CONNOTECH Experts-conseils Inc.

Software Acceleration for Public Key Cryptography

by Thierry Moreau

May 1997

Public key cryptography implies the use of large integer arithmetic operations, with a high proportion of modulus operations (as a reminder, the modulus operation is the remainder of an integer division). The division is by far the most compute intensive of the four elementary operations to the point where the the performance of a public key cryptosystem is always deceptively low.

To make these computations relatively efficient, the Montgomery modulo reduction algorithm is very useful. The mathematically inclined reader may refer to the original article by Peter L. Montgomery, Modular Multiplication Without Trial Division (in Mathemetics of computations, Vol. 44, no. 170, April 1985, pp 519-522). Two implementations of the Montgomery algorithm are reported, respectively

in the article by Stephen R. Dussé and Burton S. Kaliski Jr., A Cryptographic Library for the Motorola DSP56000 (in Advances in Cryptology, Eurocrypt'90, Lecture Notes In Computer Science no. 473, pp 230-244, Springer-Verlag, 1990), targeted at digital signal processors with peculiar instruction sets, and
in the article by S. E. Eldridge and Colin D. Walter, Hardware Implementation of Montgomery's Modular Multiplication Algorithm (in IEEE Transactions on Computers, Vol. 46, no. 6, June 1993, pp 693-699), targeted at dedicated integrated circuit design.
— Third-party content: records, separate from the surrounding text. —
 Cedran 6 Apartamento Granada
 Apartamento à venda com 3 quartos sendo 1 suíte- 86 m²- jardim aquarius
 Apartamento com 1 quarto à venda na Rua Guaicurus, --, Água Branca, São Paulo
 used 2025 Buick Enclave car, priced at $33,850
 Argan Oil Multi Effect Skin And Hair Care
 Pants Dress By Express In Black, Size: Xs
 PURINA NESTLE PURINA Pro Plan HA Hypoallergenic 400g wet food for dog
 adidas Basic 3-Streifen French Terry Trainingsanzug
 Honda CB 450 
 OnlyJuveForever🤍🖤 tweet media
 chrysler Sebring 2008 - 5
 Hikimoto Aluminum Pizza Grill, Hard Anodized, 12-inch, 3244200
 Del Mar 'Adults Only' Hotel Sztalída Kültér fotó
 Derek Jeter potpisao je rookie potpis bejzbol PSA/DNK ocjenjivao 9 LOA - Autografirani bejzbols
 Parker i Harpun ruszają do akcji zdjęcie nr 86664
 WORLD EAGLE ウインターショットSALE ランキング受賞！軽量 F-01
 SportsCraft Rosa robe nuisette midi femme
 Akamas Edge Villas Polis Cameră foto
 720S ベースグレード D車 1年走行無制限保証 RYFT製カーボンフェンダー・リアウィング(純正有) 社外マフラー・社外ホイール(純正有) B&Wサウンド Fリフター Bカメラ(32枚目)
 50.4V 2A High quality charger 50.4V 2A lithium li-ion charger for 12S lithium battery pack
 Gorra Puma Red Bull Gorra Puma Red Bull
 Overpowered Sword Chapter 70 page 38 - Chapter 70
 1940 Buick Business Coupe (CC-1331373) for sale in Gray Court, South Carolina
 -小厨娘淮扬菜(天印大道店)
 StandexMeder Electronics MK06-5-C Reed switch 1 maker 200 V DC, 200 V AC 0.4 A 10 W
Simplification and adaptation of these references may be useful to the Montgomery method in the context of a general purpose computer (for software implementation). This is the subject of the present document. The intended readership includes the computer programmers and analysts.

The Montgomery method is useful when repeated modulus operations are needed with a constant divisor. When a public key cryptosystem requires the computation of a "modular inverse", the Montgomery method is less useful because the divisor is not a constant in this computation. Although the Montgomery method is useful for many public key cryptosystems, a particular focus of this document is the PEKE cryptosystem. For one of the two parties taking part of the PEKE cryptosystem protocol, the computation load is relatively small for a public key cryptosystem. The use of a relevant optimization technique may make the difference between unacceptable and bearable performance characteristics for a PEKE cryptosystem implementation.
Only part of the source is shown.